> [Data section]
[Start of section]

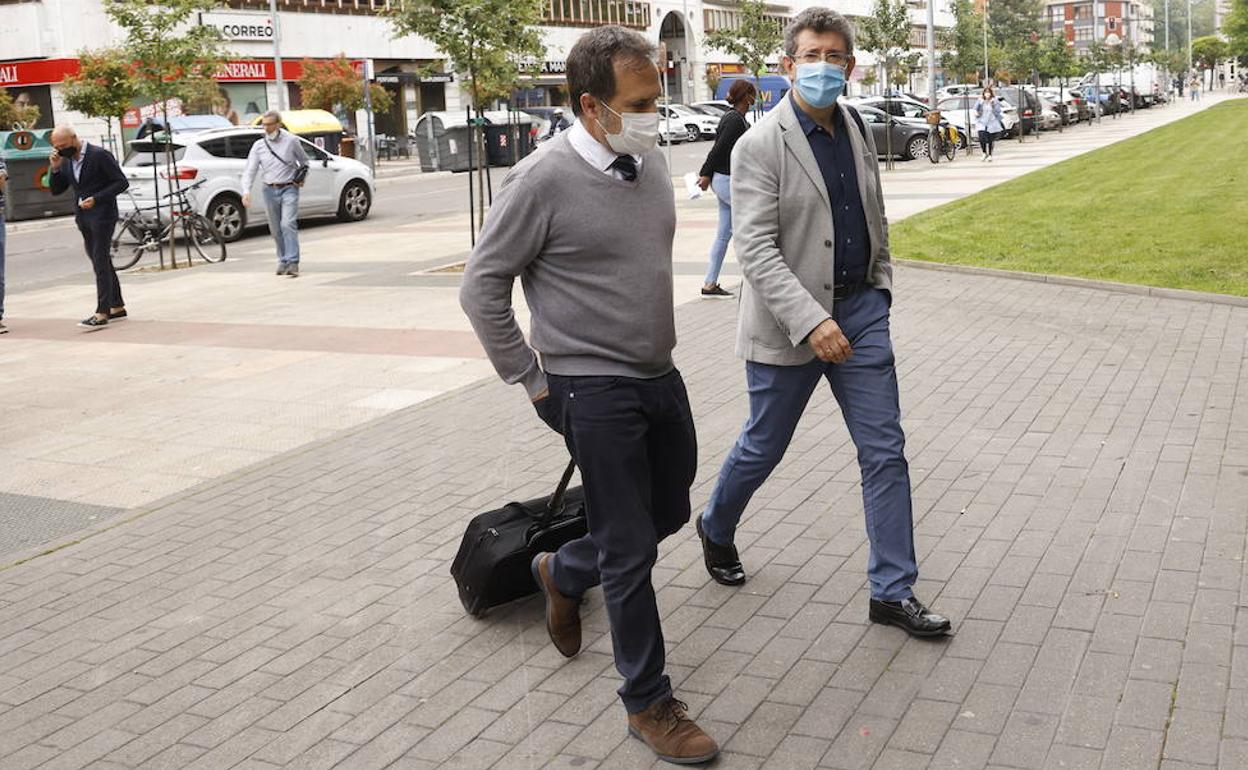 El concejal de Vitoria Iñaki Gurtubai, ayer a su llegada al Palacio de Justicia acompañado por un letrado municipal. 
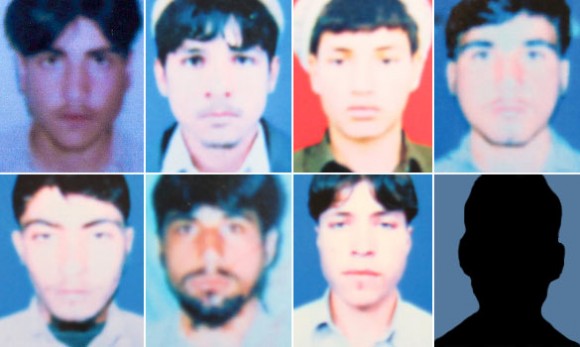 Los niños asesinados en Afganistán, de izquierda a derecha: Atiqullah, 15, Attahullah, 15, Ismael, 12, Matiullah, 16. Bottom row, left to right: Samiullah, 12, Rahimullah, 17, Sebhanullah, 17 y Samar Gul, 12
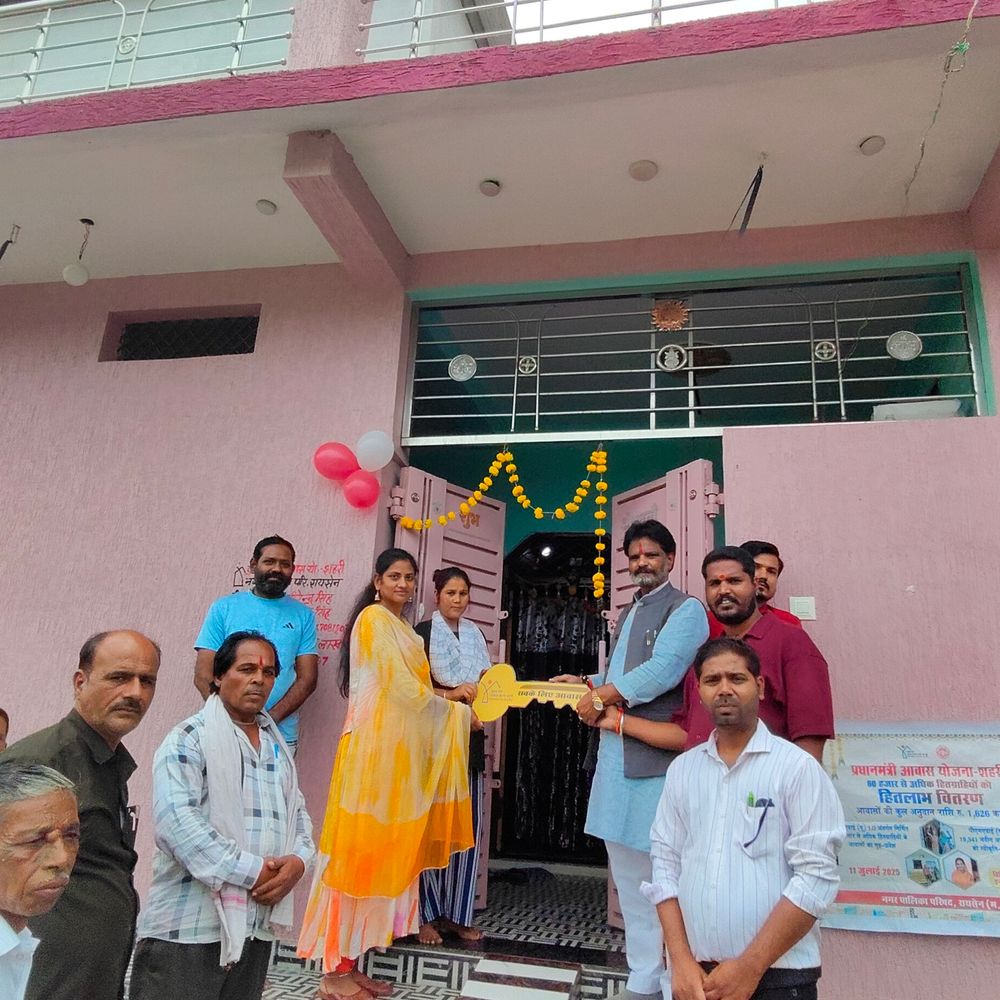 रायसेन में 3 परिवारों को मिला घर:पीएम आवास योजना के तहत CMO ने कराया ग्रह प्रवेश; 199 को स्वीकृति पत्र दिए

[End of section]

Exact reproduction is required for the lines from the one containing "Los niños asesinados" through the end of the material, and for those lines only, without pictures.

> [Answer box]
 Los niños asesinados en Afganistán, de izquierda a derecha: Atiqullah, 15, Attahullah, 15, Ismael, 12, Matiullah, 16. Bottom row, left to right: Samiullah, 12, Rahimullah, 17, Sebhanullah, 17 y Samar Gul, 12
 रायसेन में 3 परिवारों को मिला घर:पीएम आवास योजना के तहत CMO ने कराया ग्रह प्रवेश; 199 को स्वीकृति पत्र दिए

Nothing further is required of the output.